To me, "rushing around the range" is NOT a "rush" if it is at or under 5 hours for 28 targets. Good grief, the yardages are MARKED...we are allowed rangefinders; what the heck is the hang-up? The ranges are NOT any tougher now than they used to be.

People just don't seem to think that taking LONGER isn't the key to shooting better....A person doesn't PRACTICE at home by taking LONGER to shoot the course...so why would anyone want to change their rhythm that they've practiced for so long?

Greater than 5 hours to me is absolutely ridiculous, and Darrington cannot be any worse than some of the courses I've shot in Wyoming, Colorado, and other places nation-wide.

You sound like me....I have a set of binoculars, my quiver, my "site mark placard", my arrows, and my bow/release. Don't NEED all the 'techno-toys'; but then, I've been at it for many, many years, as has Jeff. We can pretty much make a "read" on any target and get it there without all the fancy Dan stuff that just, IMHO adds to the cornfusion, and weight carrying capacity of the old man.

field14


----------



## blueglide1 (Jun 29, 2006)

That is correct 14,I cant see why it takes so long.Like you say,you set the range,load the arrow,attach the release,draw and execute the shot.This pulling out the range finder and checking the bale,why? The D+)^& range is all ready marked! Slide your block to the setting and shoot for cryin out loud.If you need to rest ten min. in between the walks to the target,do cardio at home.It aint rocket science.


----------



## field14 (May 21, 2002)

blueglide1 said:


> That is correct 14,I cant see why it takes so long.Like you say,you set the range,load the arrow,attach the release,draw and execute the shot.This pulling out the range finder and checking the bale,why? The D+)^& range is all ready marked! Slide your block to the setting and shoot for cryin out loud.If you need to rest ten min. in between the walks to the target,do cardio at home.It aint rocket science.

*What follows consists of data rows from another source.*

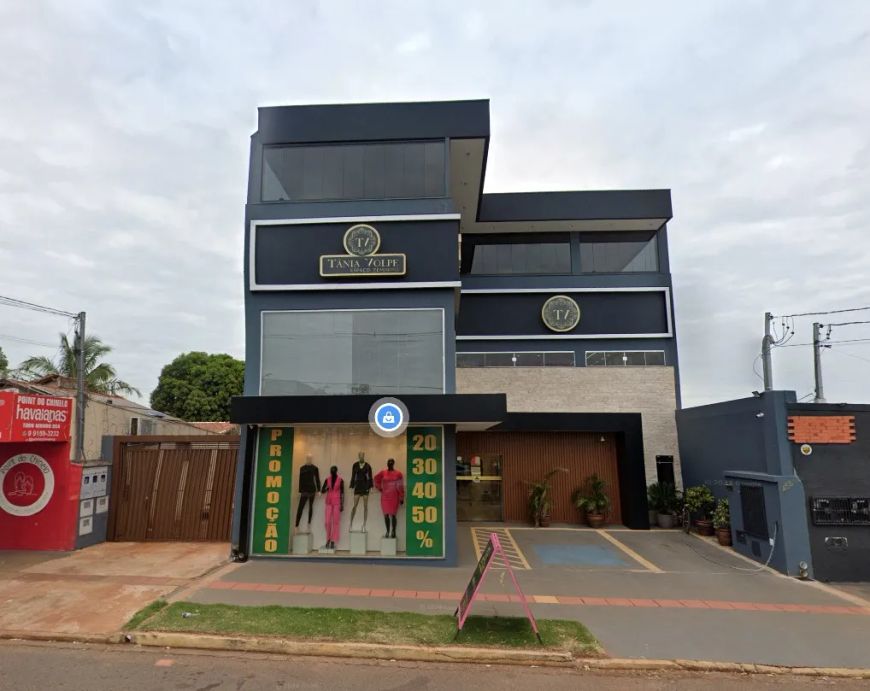 Alugo Prédio comercial rua da Divisão - Bairro Parati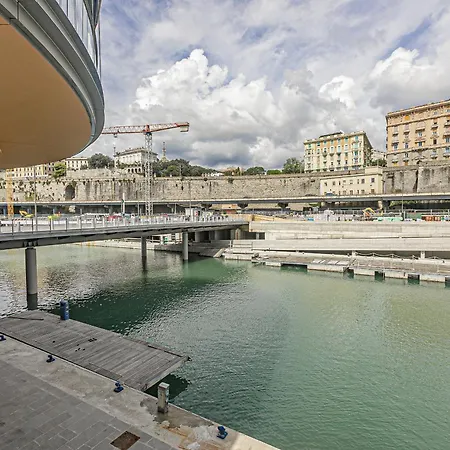 Iflat La Casa Sul Waterfront Di Levante *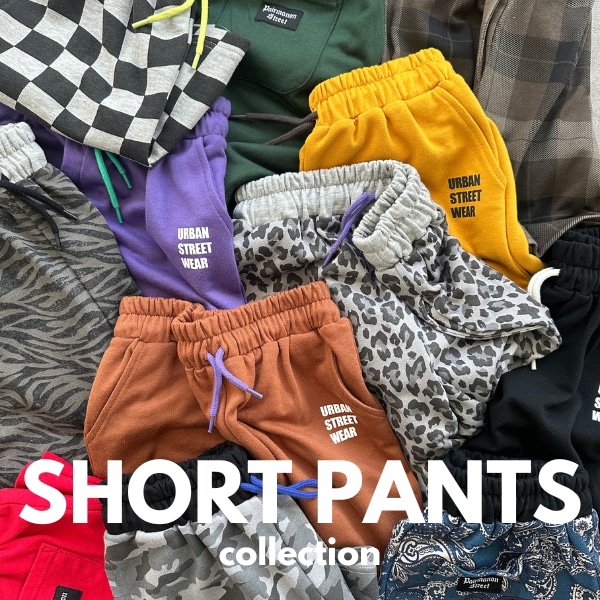 ショートパンツ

You gotta remember, today's "Newbies" or "wannabees" want things YESTERDAY and GIVEN TO THEM. They aren't willing to put in the time and effort to get the job done. They figure that since the "computer age" has made everything else "easier"....that it should do that with shooting a bow too. Oh, boy, but do thay have a LOT to learn!!!

Like I posted earlier, MOST of the better field shooters don't NEED the techno-toys...and only use them when stumped or to verify what they are "reading" into the target with their experience and practice. I have a slant range compensating range-finder...and I quit using it...because my "reads" on the target were always in agreement with what the rangefinder was telling me anyways. Didn't NEED it, so why carry it? MAYBE I would use it on a very hilly, unfamiliar range, but I sorta doubt it. IF a person wants to spend the money, I guess that is OK. Mine will sit in the drawer and I'll use it only for practicing 3-D yardage estimation, but not on any field courses around here, since they are mostly flat or require little to no "cuts".

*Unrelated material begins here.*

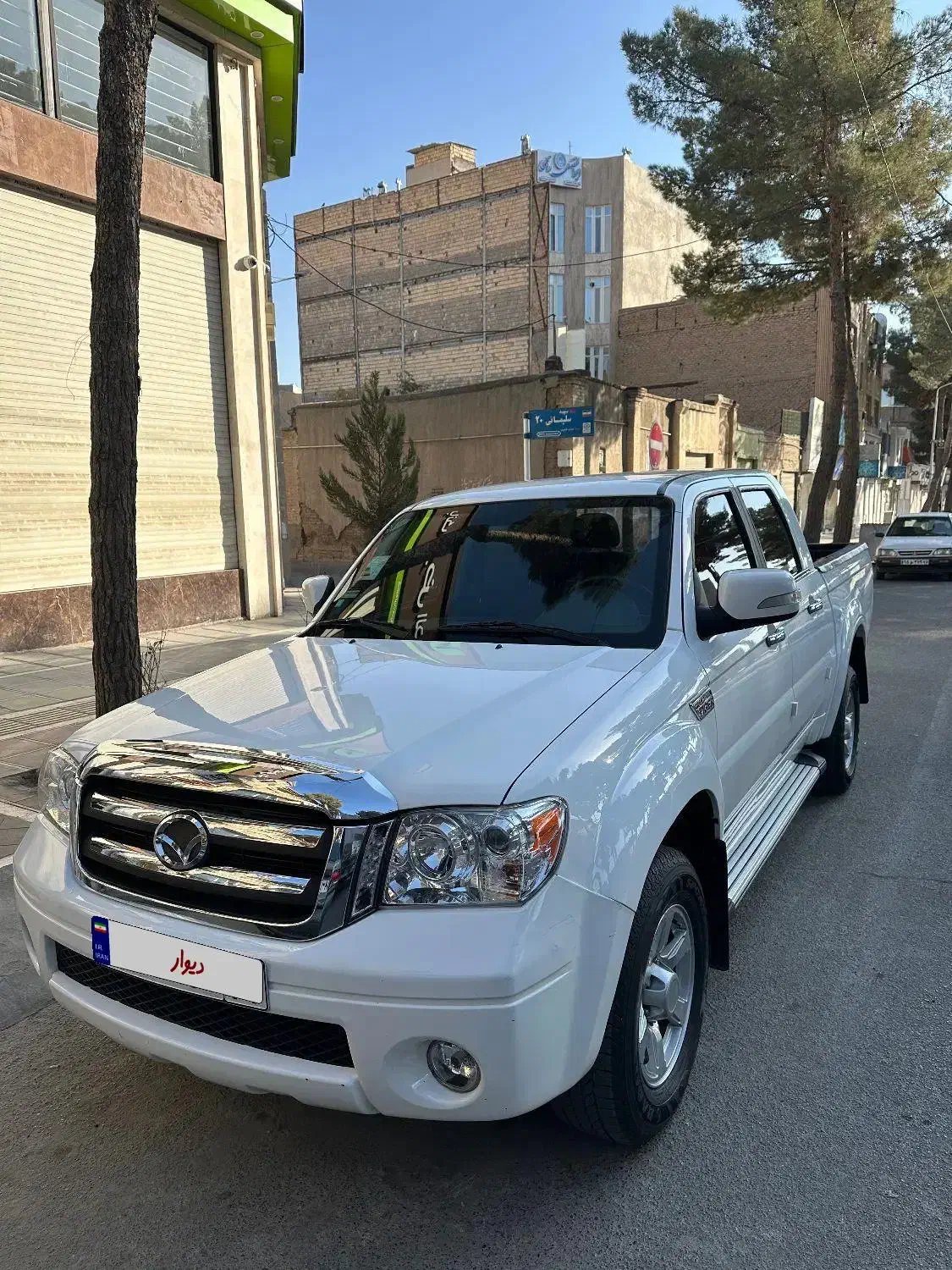 کاپرا ۱۴۰۱ درحد خشک|خودرو سواری و وانت|تربت‌حیدریه, طالقانی|دیوار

I sure can't see, if everything is so much "easier" WHY it has to be an INCREASE in the amount of time out on the course to shoot the SAME scores that were being shot some 25 years ago.....doesn't make any sense to me at all.

Yet...back then the complaining was rampant about 4 to5 hours being WAY too long...and now, all of a sudden, LESS than 5 hours is "rushing through the course." Talk about hypocrisy.

field14


----------



## CHPro (May 21, 2002)

Assume 3 min/archer to shoot 4 arrows (seems reasonable given we get 4min to shoot 5 indoors), 4 archers/group shooting 2 at a time, 5 min for the group to walk up to the target, score, pull arrows and walk to the next target before starting the process all over again. Puts the total amount of time for the 4-some per target at 11min. At 11min per target, 28 targets, my math puts the total time for the round at 308min, or pretty much right at 5hr. I think the 5min estimate is even a little on the conservative side, probably takes a little longer. So, how do you propose shortening the rounds to < 5hr without making a person feel they are being rushed around the range? Only options I can see are requiring lanes be widened so at least 3 or 4 can shoot at the same time or sending archers out in groups of 2 , either of which would shorten the round to approximately 224min, or just under 4hr.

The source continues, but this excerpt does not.